If you are a huge fan of Totoro, you should buy some of the Totoro plush dolls from the Ghibli Museum since it has a stamp on its feet saying it’s from the museum (you cannot get that if you buy Totoro from anywhere else).
How to visit Ghibli Museum
Ghibli Museum tickets need to be booked months in advance, it gets sold out really easily! The official website will give you more information on ticket purchase and transportation.
There is a bus from Mitaka Station to Ghibli museum for 210yen (one-way) and 320yen (round-trip). You will need to take the JR Chuo Line to Mitaka station then wait for the bus.
11. Baseball Game
Baseball is one of the most important sports in Japan so it’s definitely worth stopping by a game! Watching a baseball game in Tokyo is equivalent to watching a soccer game in Europe and watching a football game in the US. The games are interesting and fans are entertaining. They also have teenage girls running up and down the aisle carrying beer in a “backpack” full of beers which you do not see in the US. Furthermore unlike American stadium, Japanese baseball stadiums sell bento boxes (boxed food with rice, meat, veggie, etc) as well as western food. You can read more about Baseball games in Japan here.

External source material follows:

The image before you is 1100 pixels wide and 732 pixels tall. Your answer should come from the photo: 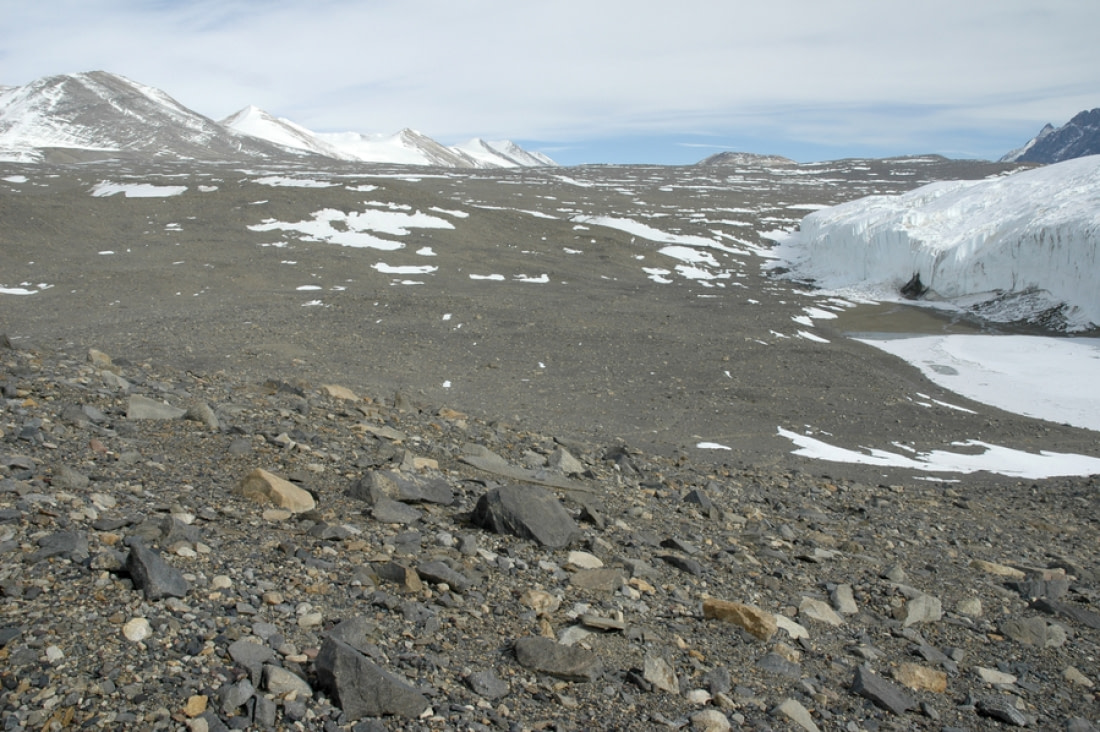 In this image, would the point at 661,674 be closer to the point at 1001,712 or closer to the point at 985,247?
the point at 1001,712

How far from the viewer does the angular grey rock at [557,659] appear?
398 centimetres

A funny story about watching the games there. It was my first time watching a Baseball game in Japan and our 2nd night in Tokyo and unexpectedly a ball flew towards us and hit me on the arm. This hit actually left a huge bruise on my upper arm and hurt for weeks 😦 Despite this painful injury, watching a baseball game there is still one of the top things to see in Tokyo and I will gladly do it again.
Odaiba is a man-made island in Tokyo Bay. It has shopping centers, business and commercial buildings, residential area, and of course Gundam statue. But I think the GUndam statue might have been taken down already unfortunately. The famous Fuji TV station is also housed on Odaiba.
It’s a nice outing from the center of Tokyo. Apparently it’s also one of the venue locations in the 2020 Summer Olympics in Tokyo. The rainbow bridge connects Odaiba to Tokyo.
To get to Odaiba from Tokyo, you have many options. There are several buses leaving from Tokyo, taking the train on Rinkai Line from Shibuya or Shinjuku station or the Yurikamome Monorail from Shinbashi station. The Yurikamome Monorail is a very popular choice because you can enjoy the view from the very first car (operator car but the monorail is automated so no drivers sit there).
13. Tokyo Imperial Palace
I’ve only been to this place once but I was really impressed by the architecture and history of this place. Since it’s the primary resident of the imperial family, this place is generally closed except guided tours Tuesday to Saturday. If you have time, stop by for a tour. The gardens are really pretty inside.
Yokohama is not really in Tokyo itself, but it’s accessible by train from Tokyo for a nice day trip. There is a huge Ferris Wheel, the largest Chinatown in Japan, Yokohama Marine Tower (inland light house), and many museums, restaurants serving international food, and shops.
For more information on Tokyo, especially if you are a first time visitor, check out my friend Melissa’s blog GirleatWorld. Also don’t forget to check my guide on how to plan a trip to Japan for first time visitors. No matter what you choose to do in Tokyo, I’m sure you will have a great time in this amazing city!